Mel Gorman <mgorman(a)techsingularity.net> writes:
On Thu, Dec 03, 2015 at 04:46:53PM +0800, Huang, Ying wrote:
> Mel Gorman <mgorman(a)techsingularity.net> writes:
> > On Wed, Dec 02, 2015 at 03:15:29PM +0100, Michal Hocko wrote:
> >> > > I didn't mention this allocation failure because I am not sure
> >> > > really related.
> >> > >
> >> >
> >> > I'm fairly sure it is. The failure is an allocation site that
> >> > sleep but did not specify __GFP_HIGH.
> >> yeah but this was the case even before your patch. As the caller used
> >> GFP_ATOMIC then it got __GFP_ATOMIC after your patch so it still
> >> managed to do ALLOC_HARDER. I would agree if this was an explicit
> >> GFP_NOWAIT. Unless I am missing something your patch hasn't changed the
> >> behavior for this particular allocation.
> > You're right. I think it's this hunk that is the problem.

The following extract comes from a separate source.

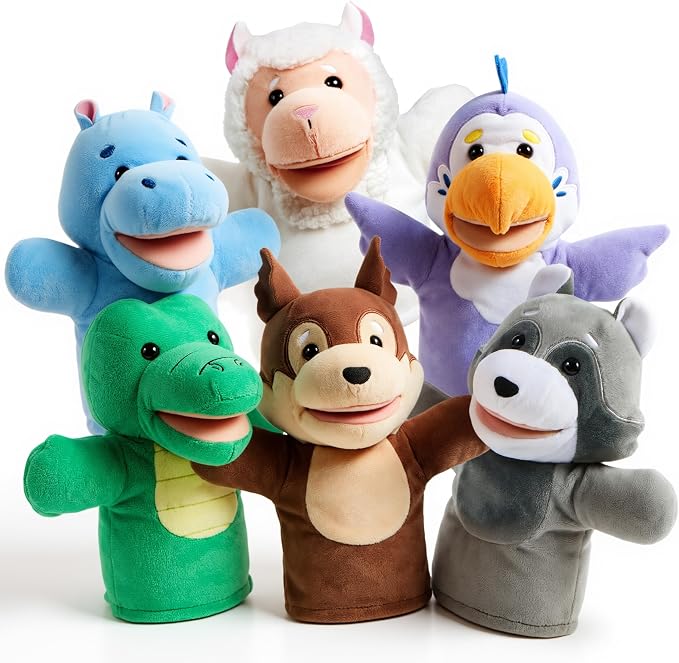 JOYIN 6Pcs Kids Hand Puppet Set by JOYIN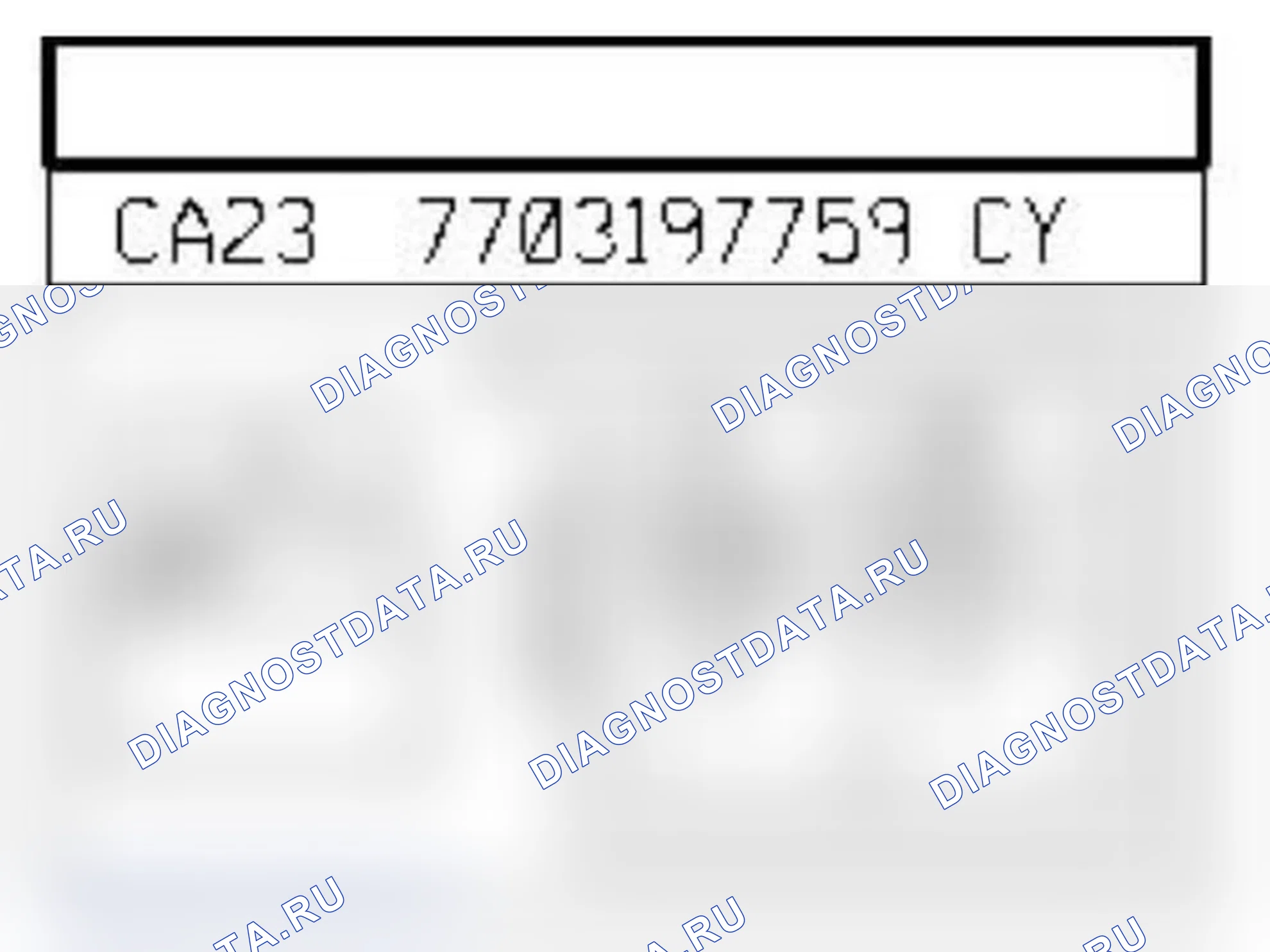 Распиновка разъёма 189 — Пр. задн. громкоговоритель. Renault Clio II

> > @@ -1186,7 +1186,7 @@ static struct request *blk_mq_map_request(struct
> > request_queue *q,
> > ctx = blk_mq_get_ctx(q);
> > hctx = q->mq_ops->map_queue(q, ctx->cpu);
> > blk_mq_set_alloc_data(&alloc_data, q,
> > - __GFP_WAIT|GFP_ATOMIC, false, ctx, hctx);
> > + __GFP_WAIT|__GFP_HIGH, false, ctx, hctx);
> > rq = __blk_mq_alloc_request(&alloc_data, rw);
> > ctx = alloc_data.ctx;
> > hctx = alloc_data.hctx;
> > This specific path at this patch is not waking kswapd any more when it
> > should. A series of allocations there could hit the watermarks and never wake
> > kswapd and then be followed by an atomic allocation failure that woke kswapd.
> > This bug gets fixed later by the commit 71baba4b92dc ("mm, page_alloc:
> > rename __GFP_WAIT to __GFP_RECLAIM") so it's not a bug in the current
> > kernel. However, it happens to break bisection and would be caught if each
> > individual commit was tested.
> > Your __GFP_HIGH patch is still fine although not the direct fix for this
> > specific problem. Commit 71baba4b92dc is.
> > Ying, does the page allocation failure messages happen when the whole
> > series is applied? i.e. is 4.4-rc3 ok?
> There are allocation errors for 4.4-rc3 too. dmesg is attached.
What is the result of the __GFP_HIGH patch to give it access to
Applied Michal's patch on v4.4-rc3 and tested again, now there is no
page allocation failure.